しかし(ここからウソ)、実は講義のほかにごく少数の学生とだけ私的なゼミナールを催していた。
このゼミナールは一風変わったもので、当時の日本の哲学者の論文を学生たちにドイツ語に訳させ、それに対してレーヴィットが論評を加えるというものだった。西田幾多郎和辻哲郎三木清をはじめ、当時活躍していた主だった日本の哲学者たちのほとんどが検討されていた。
後にレーヴィットが日本の知識人の精神構造について、二階の書斎にはプラトンからハイデガーまでの著作が並んでいるが、生活の場である一階は日本式で、しかもこの家には一階と二階をつなぐ階段がない、と手厳しく指摘したのはよく知られているが、彼は滞在時の印象だけでそう評していたわけではなかった。
このゼミナールが秘密とされた第一の理由は、レーヴィットがナチのゲシュタポによる追及を極度に警戒していたためである。そのため、ドイツ語の達者な学生たちはかえって敬遠され、ドイツ語の未熟な学生に補習をするという名目でひそかに行われていた。レーヴィットの高弟たちの回想にこのゼミのことがふれられていないのはそのためである。
また、東北帝大哲学科同僚たちへの遠慮もあったと思われる。
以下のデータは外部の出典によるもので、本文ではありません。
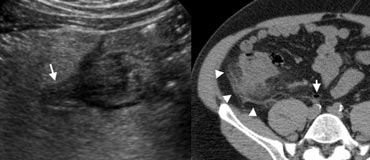 Fig. 10.- 51-year-old man with right-sided colonic diverticulitis. A, Unenhanced CT shows extensive with fat-standing along the cecal wall (arrowheads), and a normal appendix (arrow). B, Sonography reveals the cause of the inflammation by depicting an inflamed cecal diverticulum (arrow) centred in the hyperechoic fat.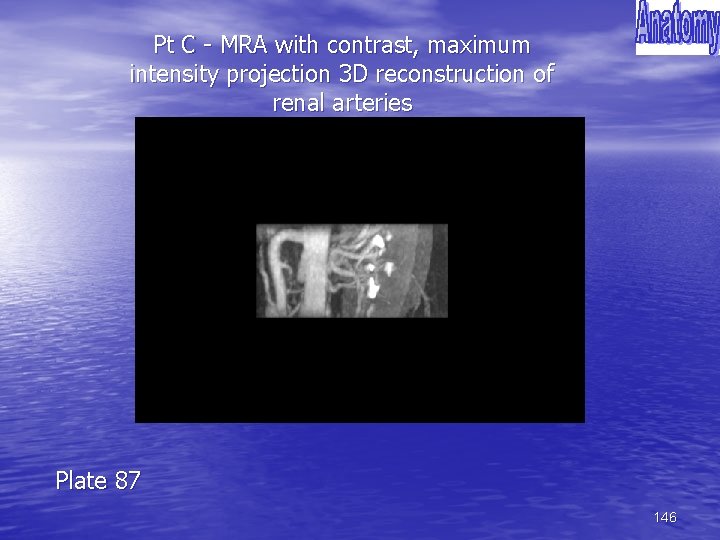 Pt C - MRA with contrast, maximum intensity projection 3 D reconstruction of renal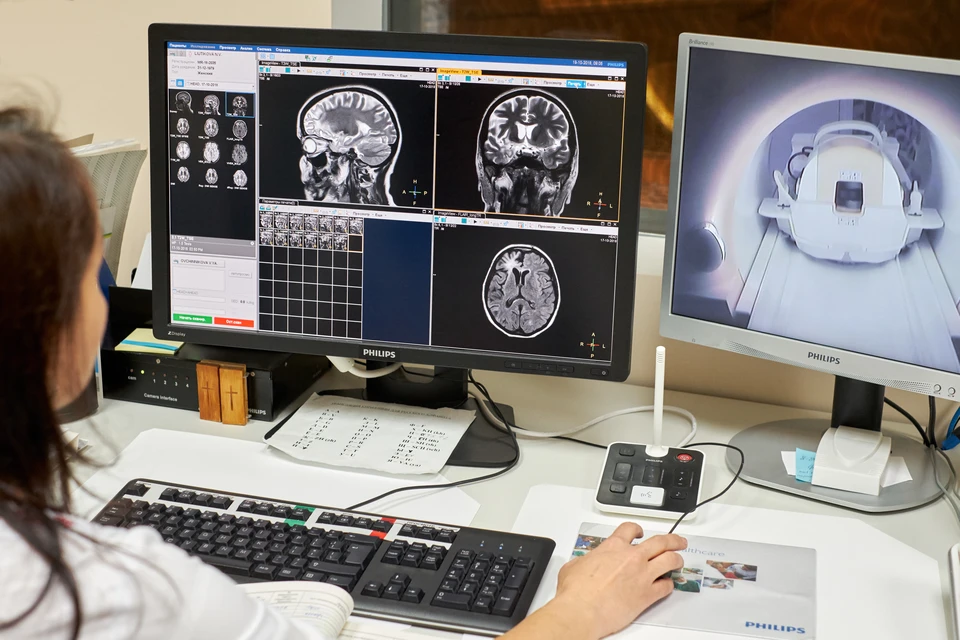 У пациентки диагностировали тромбоз венозных синусов - самый редкий вид инсульта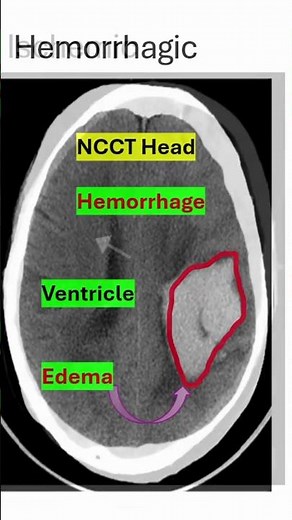 Hemorrhagic vs Ischemic Stroke | Quick Imaging Recall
レーヴィットは日本の哲学者の現象学理解には不満を覚えていたようで辛辣に批評している。また、ヘーゲル研究についてもナチの御用学者レベルだと手厳しい。
さらに、アーレント全体主義の起源』に先んじてナチズムとスターリズムの相似を指摘し、日本もこれに同調するなら世界の趨勢から取り残され滅びの道をたどるだろうと予言している。こうした発言からも、戦時中に極秘とされたのは当然だろう。
正味二年間という短い期間だったが、ドイツ語補習を名目とした日本哲学検討会は根気よく続けられ、出席者による膨大なノートが残された。ただし、レーヴィットはこのゼミのことを決して口外してはならぬと厳しく命じ、また、出席者たちも敬愛するレーヴィットナチスにつかまらないようにとそれをよく守ったため、その内容はもちろん、ゼミがあったことすら世間に知られることはなかった。
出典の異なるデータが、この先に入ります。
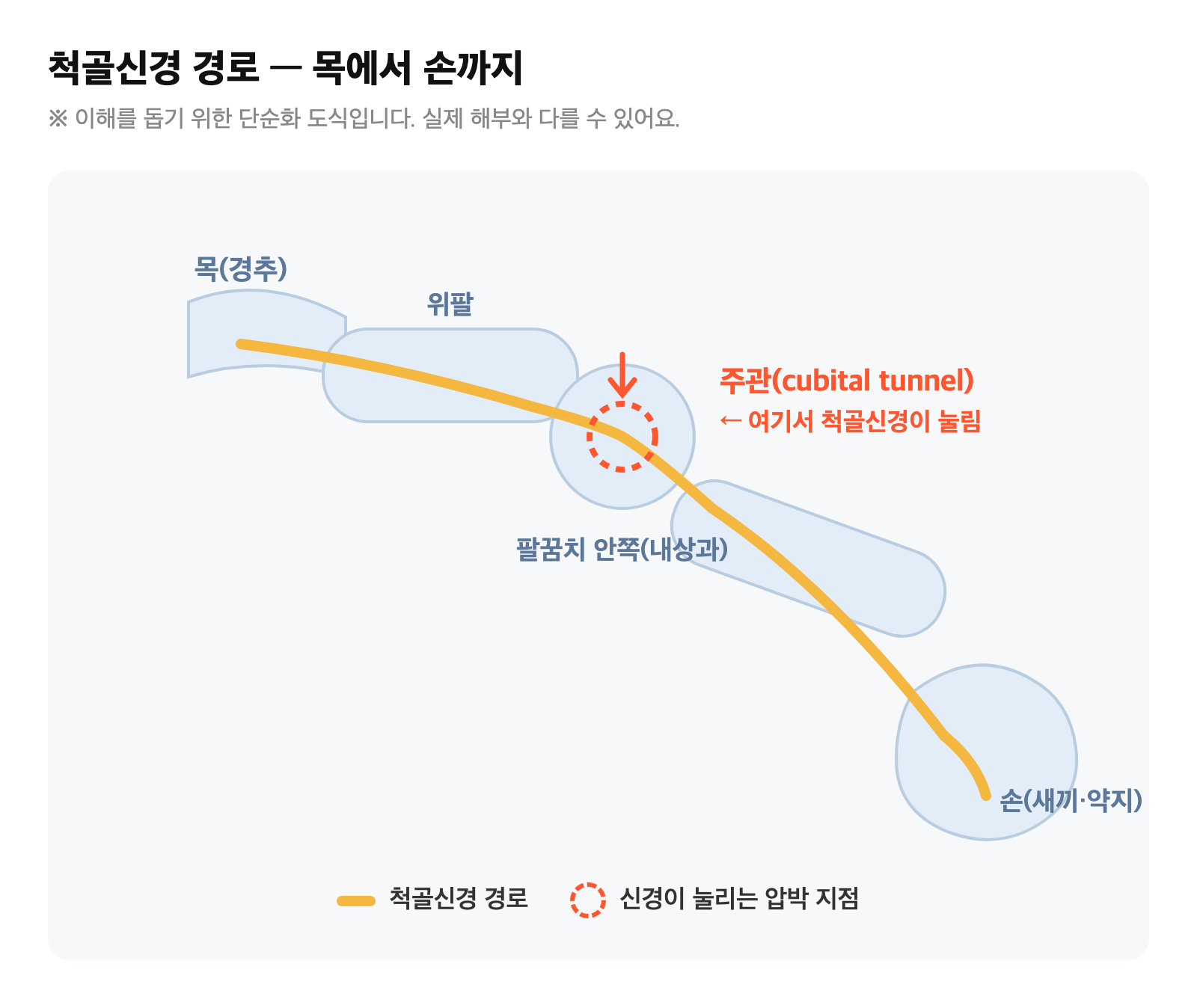 척골신경이 목에서 출발해 팔꿈치 안쪽 주관(내상과 뒤)을 지나 손까지 가는 경로와 주관에서 신경이 눌리는 압박 지점을 표시한 단순화 도식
戦後も、日本でのハイデガー人気は続いていて、ハイデガーの直弟子でありながらハイデガーに批判的だったレーヴィットの学生たちは大学の研究者・教育者として出世する機会に恵まれず、一握りの秀才のほかは、その多くは野に下った。
そして、秘密ゼミの記録は、栄えある研究者の道を歩んだ者ではなく、東北の大地に身を埋めるようにして戦後を生き抜いた数人の手にゆだねられたのである。
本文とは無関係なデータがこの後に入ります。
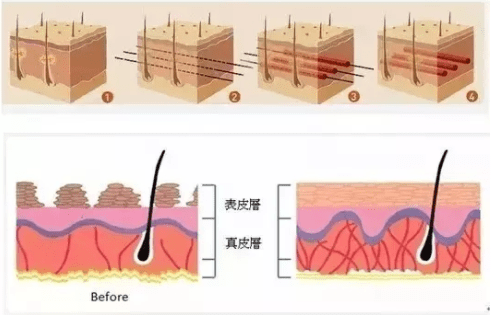 蛋白|怕怕的：线雕后凹凸不平能好码，线雕一个月后脸还是硬，踩坑了！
日本思想史、いや世界的に見ても貴重な文化交流の記録がなぜ今まで知られてこなかったのか。
その経緯を知る最後の一人が東北を襲った東日本大震災で亡くなった今となっては推測するほかないのだが、東北人は口が重いうえに義理堅い。戦後、恩師レーヴィットがナチの迫害の手を逃れて無事に母国ドイツに帰って健勝であることを知ったのちにも、彼らは「先生が黙ってろとおっしゃったんだから」と沈黙を守りとおしたのだろう。
そうしているうちにレーヴィットの秘密ゼミに出席した最後の一人も、震災で亡くなった。
ところが、ゼミ出席者のうち一人の蔵書が宮城の古書店に引き取られ、大量の哲学書のなかに手書きのノート数冊が混じっているのが発見された。さらに、震災で被災した家屋から故人の形見の品を回収するボランティアが、被災家屋から日記形式のノートを拾い出した。いずれも、旧仮名にドイツ語が混じっているため判読には困難を極め、内容を確認するのに時間がかかった。
この二つのノートが別人による同じ授業の記録だということが分かったのは、日記形式のノートを残した人物の孫にあたる人が、お祖父ちゃんが世話になったL先生って誰だろうと関心を持ち、つてをたどってもう一方のノートの現在の所有者を探し当てたためである。ドイツ語ノートの表紙にもL先生とあったのを古書店主がおぼえていたため、奇跡のような邂逅が実現した。
と、ここまでもちろんウソ。
こんなことやってないで仕事しなきゃ。